(Web page caption snippets)

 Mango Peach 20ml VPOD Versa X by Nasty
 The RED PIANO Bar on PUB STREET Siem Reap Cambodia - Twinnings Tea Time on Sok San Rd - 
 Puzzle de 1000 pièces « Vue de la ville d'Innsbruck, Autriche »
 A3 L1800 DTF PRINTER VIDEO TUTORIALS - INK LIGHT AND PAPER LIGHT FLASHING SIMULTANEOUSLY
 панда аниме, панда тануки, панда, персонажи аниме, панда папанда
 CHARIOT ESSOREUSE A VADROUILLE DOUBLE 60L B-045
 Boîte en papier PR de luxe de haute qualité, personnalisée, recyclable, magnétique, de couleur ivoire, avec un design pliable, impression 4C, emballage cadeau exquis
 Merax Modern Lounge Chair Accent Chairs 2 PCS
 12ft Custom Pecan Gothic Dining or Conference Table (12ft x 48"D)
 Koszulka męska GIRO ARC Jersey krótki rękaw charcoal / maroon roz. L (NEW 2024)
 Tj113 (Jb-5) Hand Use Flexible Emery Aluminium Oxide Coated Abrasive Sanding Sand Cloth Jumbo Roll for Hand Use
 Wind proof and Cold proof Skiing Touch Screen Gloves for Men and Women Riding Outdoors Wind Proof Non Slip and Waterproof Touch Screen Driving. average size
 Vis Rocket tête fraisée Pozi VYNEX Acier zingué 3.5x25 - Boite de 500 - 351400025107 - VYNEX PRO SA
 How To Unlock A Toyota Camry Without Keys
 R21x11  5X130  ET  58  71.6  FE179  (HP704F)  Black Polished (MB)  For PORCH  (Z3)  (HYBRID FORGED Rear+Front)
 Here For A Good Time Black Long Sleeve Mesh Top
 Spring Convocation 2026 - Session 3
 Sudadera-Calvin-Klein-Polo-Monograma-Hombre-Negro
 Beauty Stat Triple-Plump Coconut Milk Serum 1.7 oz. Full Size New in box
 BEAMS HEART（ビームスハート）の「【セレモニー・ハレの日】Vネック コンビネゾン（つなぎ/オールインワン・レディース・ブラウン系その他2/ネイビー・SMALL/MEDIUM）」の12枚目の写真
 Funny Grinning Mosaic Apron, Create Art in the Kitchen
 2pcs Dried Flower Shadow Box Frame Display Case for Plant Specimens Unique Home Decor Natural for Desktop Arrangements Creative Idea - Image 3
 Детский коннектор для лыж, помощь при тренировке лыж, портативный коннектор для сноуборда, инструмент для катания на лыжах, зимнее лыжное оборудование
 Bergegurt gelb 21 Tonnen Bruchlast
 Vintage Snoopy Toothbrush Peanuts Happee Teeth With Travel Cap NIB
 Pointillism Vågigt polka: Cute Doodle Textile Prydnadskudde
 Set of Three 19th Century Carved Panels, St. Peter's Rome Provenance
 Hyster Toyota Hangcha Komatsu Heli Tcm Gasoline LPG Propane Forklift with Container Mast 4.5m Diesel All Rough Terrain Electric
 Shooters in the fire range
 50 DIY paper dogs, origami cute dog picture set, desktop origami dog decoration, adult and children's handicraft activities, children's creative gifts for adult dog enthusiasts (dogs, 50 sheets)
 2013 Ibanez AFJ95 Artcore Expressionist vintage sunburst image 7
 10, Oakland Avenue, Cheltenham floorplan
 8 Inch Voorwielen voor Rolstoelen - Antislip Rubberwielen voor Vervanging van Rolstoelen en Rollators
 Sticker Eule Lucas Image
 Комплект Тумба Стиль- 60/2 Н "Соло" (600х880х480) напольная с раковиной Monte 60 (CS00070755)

WORK REQUEST: Each line in the entries above, starting at the line with "Merax Modern Lounge" and ending at the line with "Bergegurt gelb 21 Tonnen Bruchlast", is to be printed exactly, and only those lines.

ANSWER SPACE:
 Merax Modern Lounge Chair Accent Chairs 2 PCS
 12ft Custom Pecan Gothic Dining or Conference Table (12ft x 48"D)
 Koszulka męska GIRO ARC Jersey krótki rękaw charcoal / maroon roz. L (NEW 2024)
 Tj113 (Jb-5) Hand Use Flexible Emery Aluminium Oxide Coated Abrasive Sanding Sand Cloth Jumbo Roll for Hand Use
 Wind proof and Cold proof Skiing Touch Screen Gloves for Men and Women Riding Outdoors Wind Proof Non Slip and Waterproof Touch Screen Driving. average size
 Vis Rocket tête fraisée Pozi VYNEX Acier zingué 3.5x25 - Boite de 500 - 351400025107 - VYNEX PRO SA
 How To Unlock A Toyota Camry Without Keys
 R21x11  5X130  ET  58  71.6  FE179  (HP704F)  Black Polished (MB)  For PORCH  (Z3)  (HYBRID FORGED Rear+Front)
 Here For A Good Time Black Long Sleeve Mesh Top
 Spring Convocation 2026 - Session 3
 Sudadera-Calvin-Klein-Polo-Monograma-Hombre-Negro
 Beauty Stat Triple-Plump Coconut Milk Serum 1.7 oz. Full Size New in box
 BEAMS HEART（ビームスハート）の「【セレモニー・ハレの日】Vネック コンビネゾン（つなぎ/オールインワン・レディース・ブラウン系その他2/ネイビー・SMALL/MEDIUM）」の12枚目の写真
 Funny Grinning Mosaic Apron, Create Art in the Kitchen
 2pcs Dried Flower Shadow Box Frame Display Case for Plant Specimens Unique Home Decor Natural for Desktop Arrangements Creative Idea - Image 3
 Детский коннектор для лыж, помощь при тренировке лыж, портативный коннектор для сноуборда, инструмент для катания на лыжах, зимнее лыжное оборудование
 Bergegurt gelb 21 Tonnen Bruchlast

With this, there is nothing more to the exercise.